◆ **Task goal**
Reproduce the records below exactly, but only between the lines holding "Jaded London Checkered" and "Cocco Hyperveloce Pro", inclusive.

[Scraped caption text data]
== Segment start ==

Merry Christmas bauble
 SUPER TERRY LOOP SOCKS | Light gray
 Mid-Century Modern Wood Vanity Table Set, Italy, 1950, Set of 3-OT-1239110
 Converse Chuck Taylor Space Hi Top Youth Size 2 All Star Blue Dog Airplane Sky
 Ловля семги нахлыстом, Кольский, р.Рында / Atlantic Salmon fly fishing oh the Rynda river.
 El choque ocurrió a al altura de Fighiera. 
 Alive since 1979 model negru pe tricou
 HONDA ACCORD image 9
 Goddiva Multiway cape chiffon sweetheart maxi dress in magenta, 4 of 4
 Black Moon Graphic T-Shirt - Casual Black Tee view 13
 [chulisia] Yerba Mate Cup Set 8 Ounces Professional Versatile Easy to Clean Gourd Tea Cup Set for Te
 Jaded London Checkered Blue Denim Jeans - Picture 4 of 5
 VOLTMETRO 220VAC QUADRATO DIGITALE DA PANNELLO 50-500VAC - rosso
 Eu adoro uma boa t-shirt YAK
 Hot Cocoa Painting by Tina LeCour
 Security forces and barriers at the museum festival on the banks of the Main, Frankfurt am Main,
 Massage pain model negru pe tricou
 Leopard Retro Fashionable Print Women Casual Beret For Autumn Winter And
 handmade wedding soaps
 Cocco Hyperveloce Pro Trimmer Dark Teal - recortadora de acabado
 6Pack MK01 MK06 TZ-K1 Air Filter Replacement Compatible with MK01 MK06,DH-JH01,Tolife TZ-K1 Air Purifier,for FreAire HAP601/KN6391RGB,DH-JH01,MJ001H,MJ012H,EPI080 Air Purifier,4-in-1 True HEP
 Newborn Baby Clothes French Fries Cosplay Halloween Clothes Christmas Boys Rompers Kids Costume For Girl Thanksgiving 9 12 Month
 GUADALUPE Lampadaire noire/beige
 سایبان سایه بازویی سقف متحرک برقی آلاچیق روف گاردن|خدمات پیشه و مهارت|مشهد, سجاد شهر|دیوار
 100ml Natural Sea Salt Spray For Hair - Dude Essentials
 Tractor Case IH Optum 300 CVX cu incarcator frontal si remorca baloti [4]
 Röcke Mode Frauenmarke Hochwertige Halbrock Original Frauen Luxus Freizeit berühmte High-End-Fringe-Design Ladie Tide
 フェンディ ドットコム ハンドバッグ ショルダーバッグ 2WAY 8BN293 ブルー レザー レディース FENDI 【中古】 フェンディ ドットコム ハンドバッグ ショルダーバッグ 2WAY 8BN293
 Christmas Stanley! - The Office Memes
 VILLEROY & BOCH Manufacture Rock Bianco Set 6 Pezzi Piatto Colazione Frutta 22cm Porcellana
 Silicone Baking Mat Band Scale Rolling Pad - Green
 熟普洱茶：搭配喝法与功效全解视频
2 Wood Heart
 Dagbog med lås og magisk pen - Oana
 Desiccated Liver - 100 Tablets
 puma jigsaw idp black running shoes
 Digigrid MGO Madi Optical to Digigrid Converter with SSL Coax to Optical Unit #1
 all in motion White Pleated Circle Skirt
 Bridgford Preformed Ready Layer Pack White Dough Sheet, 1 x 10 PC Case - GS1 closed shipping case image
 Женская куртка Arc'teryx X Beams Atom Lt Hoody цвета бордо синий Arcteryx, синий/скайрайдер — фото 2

== Segment end ==

◆ **Response box**
 Jaded London Checkered Blue Denim Jeans - Picture 4 of 5
 VOLTMETRO 220VAC QUADRATO DIGITALE DA PANNELLO 50-500VAC - rosso
 Eu adoro uma boa t-shirt YAK
 Hot Cocoa Painting by Tina LeCour
 Security forces and barriers at the museum festival on the banks of the Main, Frankfurt am Main,
 Massage pain model negru pe tricou
 Leopard Retro Fashionable Print Women Casual Beret For Autumn Winter And
 handmade wedding soaps
 Cocco Hyperveloce Pro Trimmer Dark Teal - recortadora de acabado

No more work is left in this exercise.